For 31 years, Robert W. Healy has been the most powerful man in Cambridge.
As city manager, he has quietly and firmly changed the face of Cambridge from a city of shuttered factory doors to a thriving hotbed of technological innovation and research. Time after time, the City Council has willingly renewed his contract.
Through three decades of skillful maneuverings, mostly separated from the political fray, Healy has weathered municipal ups and downs in his efforts to maintain financial stability and promote human services.
He prides himself on blending conservative fiscal policy with liberal social values. “If you don’t have fiscal stability,” he says, “you aren’t able to provide an array of services.”
Now approaching his 70th birthday, Healy plans to bring his tenure as Cambridge’s chief executive to an close in June 2013.
As Cambridge’s other leaders turn to the task of replacing Healy, the city has begun to take inventory of the ingredients that made the longtime city manager so effective.
GOVERNMENT WITHOUT THE POLITICS
In Cambridge, the elected City Council hires a city manager, who oversees almost every facet of the municipality.
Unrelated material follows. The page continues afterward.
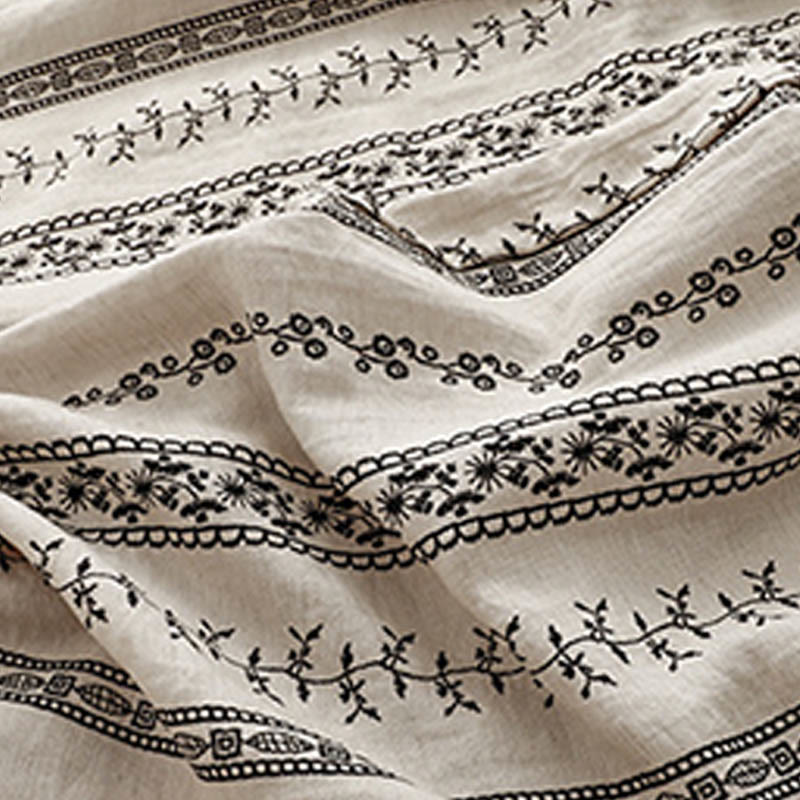 Buddha Stones Casual Vertical Printing Cotton Linen Women's Wide Leg Pants With Pockets - image 9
Since 1940, there have been seven city managers. In the 15 years preceding Healy’s appointment as manager, the average tenure for a manager was just under three years.
Yet over a period almost ten times as long, Healy has made remarkably few enemies.
“Most people that live in Cambridge are grateful to live in such a great city,” says Kathleen L. Born, a former Cambridge City Councillor. “And there’s no way to separate the city from the city manager.”
Carl F. Barron, who for many years served as the president of the Central Square Business Association, lauds Healy’s performance on the job.
“I think that he’s a top-notch, capable executive who is going to be very difficult to replace,” Barron says.
Talk of Healy’s success as the city manager is widespread, but some citizens have complained that the manager—who according to the Boston Globe makes more than twice as much as the next-highest-paid municipal manager in the state—is not worth the hefty cost of keeping him around. According to a report prepared by Cambridge Day and the Initiative for Investigative Reporting at Northeastern University, he made $336,317 in 2010.
Others are critical of the way he handled the years-long controversy over the firing of Malvina Monteiro, a city employee who claimed she was wrongfully terminated by Healy for complaining about racial discrimination on the job.